Data:
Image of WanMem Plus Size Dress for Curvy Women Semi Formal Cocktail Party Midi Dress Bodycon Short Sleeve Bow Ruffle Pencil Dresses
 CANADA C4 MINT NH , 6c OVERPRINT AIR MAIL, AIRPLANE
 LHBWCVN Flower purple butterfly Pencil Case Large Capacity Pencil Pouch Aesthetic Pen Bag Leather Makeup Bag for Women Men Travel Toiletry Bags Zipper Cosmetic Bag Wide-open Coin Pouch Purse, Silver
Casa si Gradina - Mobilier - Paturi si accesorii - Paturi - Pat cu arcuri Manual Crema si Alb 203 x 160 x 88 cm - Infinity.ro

* * *

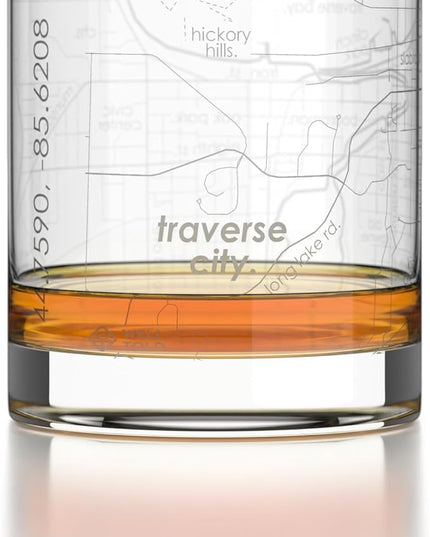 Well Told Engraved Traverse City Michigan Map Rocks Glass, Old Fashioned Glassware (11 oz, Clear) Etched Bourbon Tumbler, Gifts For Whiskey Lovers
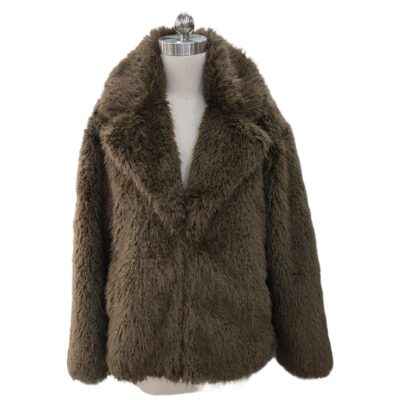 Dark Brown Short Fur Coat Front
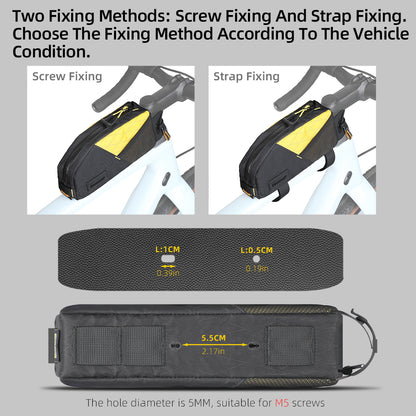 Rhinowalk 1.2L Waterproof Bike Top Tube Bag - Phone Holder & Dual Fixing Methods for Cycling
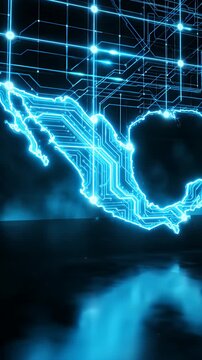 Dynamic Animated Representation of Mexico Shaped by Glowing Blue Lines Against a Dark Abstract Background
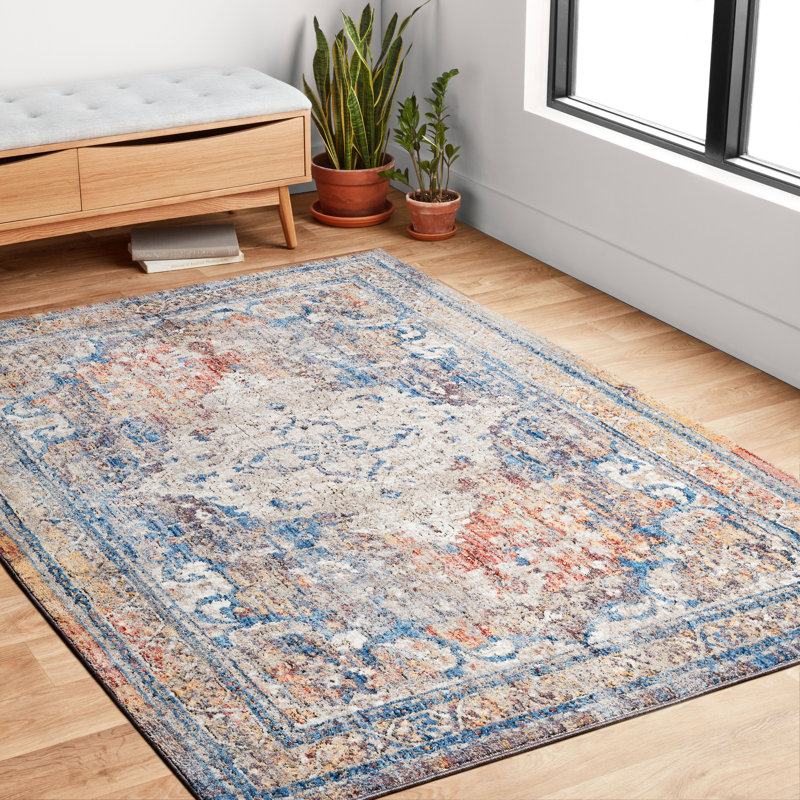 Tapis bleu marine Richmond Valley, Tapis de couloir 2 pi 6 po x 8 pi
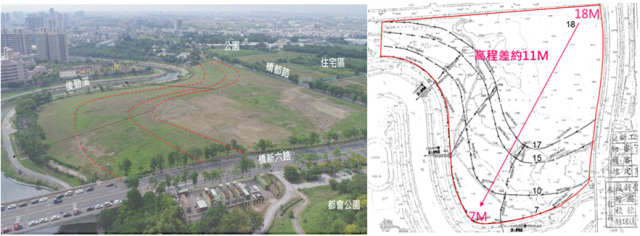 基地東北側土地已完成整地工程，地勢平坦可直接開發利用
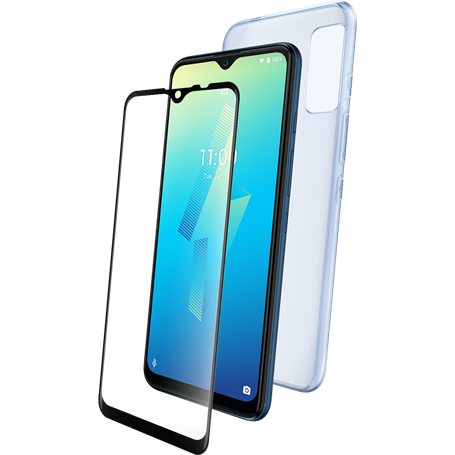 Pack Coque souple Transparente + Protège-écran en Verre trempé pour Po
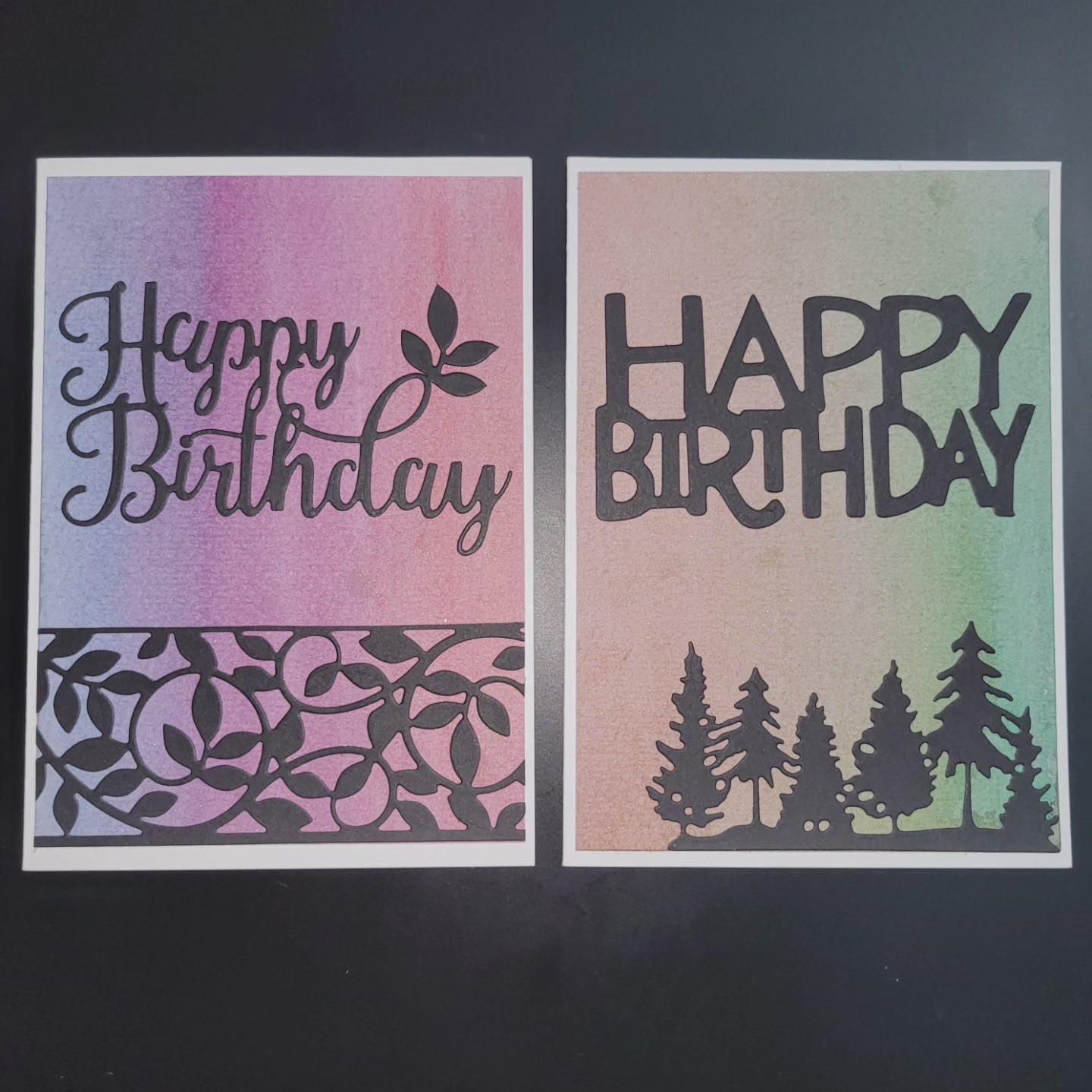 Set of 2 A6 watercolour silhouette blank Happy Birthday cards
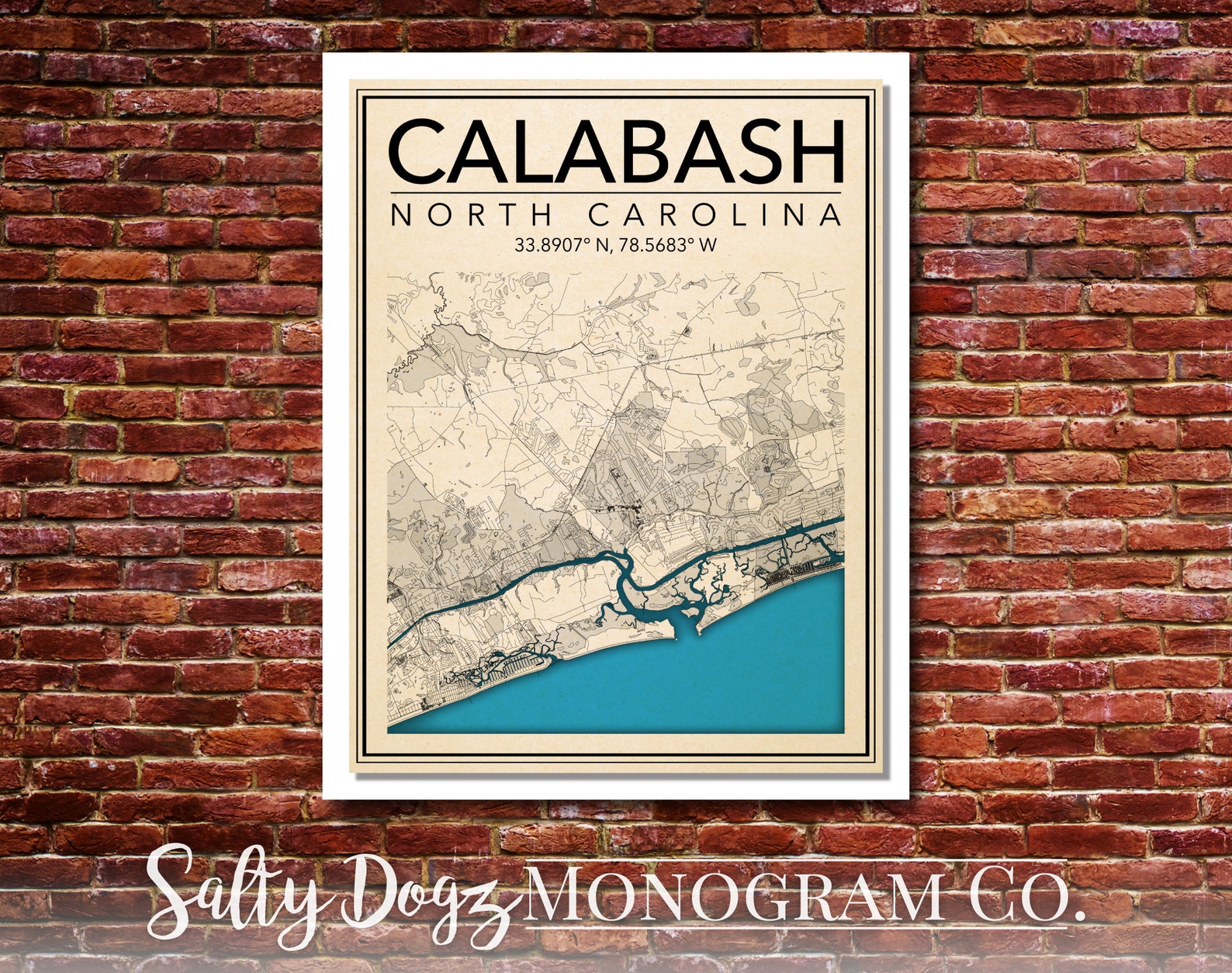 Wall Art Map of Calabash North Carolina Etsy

--

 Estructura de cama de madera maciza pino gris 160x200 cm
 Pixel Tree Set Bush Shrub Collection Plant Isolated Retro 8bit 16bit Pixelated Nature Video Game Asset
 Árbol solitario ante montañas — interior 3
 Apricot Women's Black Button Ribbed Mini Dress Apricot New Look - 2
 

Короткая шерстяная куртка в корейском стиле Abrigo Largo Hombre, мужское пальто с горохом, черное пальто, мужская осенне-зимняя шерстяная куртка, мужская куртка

Goal of the exercise:
Please give an exact copy of the lines above, beginning with the line containing "Árbol solitario ante montañas — interior 3" and running through the line containing "Короткая шерстяная куртка", and of no other lines.

Reply to the exercise:
 Árbol solitario ante montañas — interior 3
 Apricot Women's Black Button Ribbed Mini Dress Apricot New Look - 2
 

Короткая шерстяная куртка в корейском стиле Abrigo Largo Hombre, мужское пальто с горохом, черное пальто, мужская осенне-зимняя шерстяная куртка, мужская куртка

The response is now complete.